● **How to complete this task**
Repeat the data. Keep each line identical.

Collected data

┄┄┄┄┄┄┄┄┄┄

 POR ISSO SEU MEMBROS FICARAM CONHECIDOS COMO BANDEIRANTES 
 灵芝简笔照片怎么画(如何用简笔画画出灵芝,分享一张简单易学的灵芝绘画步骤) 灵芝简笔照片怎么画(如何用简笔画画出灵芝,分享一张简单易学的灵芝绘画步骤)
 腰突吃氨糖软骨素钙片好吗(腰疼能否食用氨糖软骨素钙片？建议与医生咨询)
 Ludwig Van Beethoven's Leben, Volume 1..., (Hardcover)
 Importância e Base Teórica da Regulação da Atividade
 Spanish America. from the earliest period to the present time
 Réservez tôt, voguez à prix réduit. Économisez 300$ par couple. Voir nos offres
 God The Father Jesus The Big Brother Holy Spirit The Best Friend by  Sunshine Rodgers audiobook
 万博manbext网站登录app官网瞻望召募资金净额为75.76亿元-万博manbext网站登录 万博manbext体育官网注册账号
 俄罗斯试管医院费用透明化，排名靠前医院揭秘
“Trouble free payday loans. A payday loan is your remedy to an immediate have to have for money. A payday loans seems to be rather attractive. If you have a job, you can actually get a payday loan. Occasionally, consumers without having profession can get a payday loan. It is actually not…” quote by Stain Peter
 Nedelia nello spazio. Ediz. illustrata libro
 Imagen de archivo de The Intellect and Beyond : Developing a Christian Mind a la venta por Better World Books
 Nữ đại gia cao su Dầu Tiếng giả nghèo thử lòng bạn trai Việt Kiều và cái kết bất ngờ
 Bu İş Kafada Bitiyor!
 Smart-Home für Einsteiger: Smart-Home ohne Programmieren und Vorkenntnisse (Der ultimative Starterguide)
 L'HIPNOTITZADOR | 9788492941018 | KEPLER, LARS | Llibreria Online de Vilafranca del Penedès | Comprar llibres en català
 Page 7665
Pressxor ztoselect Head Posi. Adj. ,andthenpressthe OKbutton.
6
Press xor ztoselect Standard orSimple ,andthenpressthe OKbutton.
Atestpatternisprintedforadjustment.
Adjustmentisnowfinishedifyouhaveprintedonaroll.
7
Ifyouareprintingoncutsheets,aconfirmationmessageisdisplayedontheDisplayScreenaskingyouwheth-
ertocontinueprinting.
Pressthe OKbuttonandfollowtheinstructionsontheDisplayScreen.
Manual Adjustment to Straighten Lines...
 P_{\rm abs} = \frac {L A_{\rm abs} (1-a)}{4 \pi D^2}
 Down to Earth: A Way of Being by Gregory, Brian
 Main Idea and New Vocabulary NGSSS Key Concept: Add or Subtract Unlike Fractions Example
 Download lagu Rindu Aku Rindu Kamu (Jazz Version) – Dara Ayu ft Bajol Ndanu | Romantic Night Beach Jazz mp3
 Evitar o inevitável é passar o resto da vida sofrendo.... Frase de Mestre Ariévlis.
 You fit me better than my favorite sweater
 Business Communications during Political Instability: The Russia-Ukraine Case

┄┄┄┄┄┄┄┄┄┄

● **Result of this exercise**
 POR ISSO SEU MEMBROS FICARAM CONHECIDOS COMO BANDEIRANTES 
 灵芝简笔照片怎么画(如何用简笔画画出灵芝,分享一张简单易学的灵芝绘画步骤) 灵芝简笔照片怎么画(如何用简笔画画出灵芝,分享一张简单易学的灵芝绘画步骤)
 腰突吃氨糖软骨素钙片好吗(腰疼能否食用氨糖软骨素钙片？建议与医生咨询)
 Ludwig Van Beethoven's Leben, Volume 1..., (Hardcover)
 Importância e Base Teórica da Regulação da Atividade
 Spanish America. from the earliest period to the present time
 Réservez tôt, voguez à prix réduit. Économisez 300$ par couple. Voir nos offres
 God The Father Jesus The Big Brother Holy Spirit The Best Friend by  Sunshine Rodgers audiobook
 万博manbext网站登录app官网瞻望召募资金净额为75.76亿元-万博manbext网站登录 万博manbext体育官网注册账号
 俄罗斯试管医院费用透明化，排名靠前医院揭秘
“Trouble free payday loans. A payday loan is your remedy to an immediate have to have for money. A payday loans seems to be rather attractive. If you have a job, you can actually get a payday loan. Occasionally, consumers without having profession can get a payday loan. It is actually not…” quote by Stain Peter
 Nedelia nello spazio. Ediz. illustrata libro
 Imagen de archivo de The Intellect and Beyond : Developing a Christian Mind a la venta por Better World Books
 Nữ đại gia cao su Dầu Tiếng giả nghèo thử lòng bạn trai Việt Kiều và cái kết bất ngờ
 Bu İş Kafada Bitiyor!
 Smart-Home für Einsteiger: Smart-Home ohne Programmieren und Vorkenntnisse (Der ultimative Starterguide)
 L'HIPNOTITZADOR | 9788492941018 | KEPLER, LARS | Llibreria Online de Vilafranca del Penedès | Comprar llibres en català
 Page 7665
Pressxor ztoselect Head Posi. Adj. ,andthenpressthe OKbutton.
6
Press xor ztoselect Standard orSimple ,andthenpressthe OKbutton.
Atestpatternisprintedforadjustment.
Adjustmentisnowfinishedifyouhaveprintedonaroll.
7
Ifyouareprintingoncutsheets,aconfirmationmessageisdisplayedontheDisplayScreenaskingyouwheth-
ertocontinueprinting.
Pressthe OKbuttonandfollowtheinstructionsontheDisplayScreen.
Manual Adjustment to Straighten Lines...
 P_{\rm abs} = \frac {L A_{\rm abs} (1-a)}{4 \pi D^2}
 Down to Earth: A Way of Being by Gregory, Brian
 Main Idea and New Vocabulary NGSSS Key Concept: Add or Subtract Unlike Fractions Example
 Download lagu Rindu Aku Rindu Kamu (Jazz Version) – Dara Ayu ft Bajol Ndanu | Romantic Night Beach Jazz mp3
 Evitar o inevitável é passar o resto da vida sofrendo.... Frase de Mestre Ariévlis.
 You fit me better than my favorite sweater
 Business Communications during Political Instability: The Russia-Ukraine Case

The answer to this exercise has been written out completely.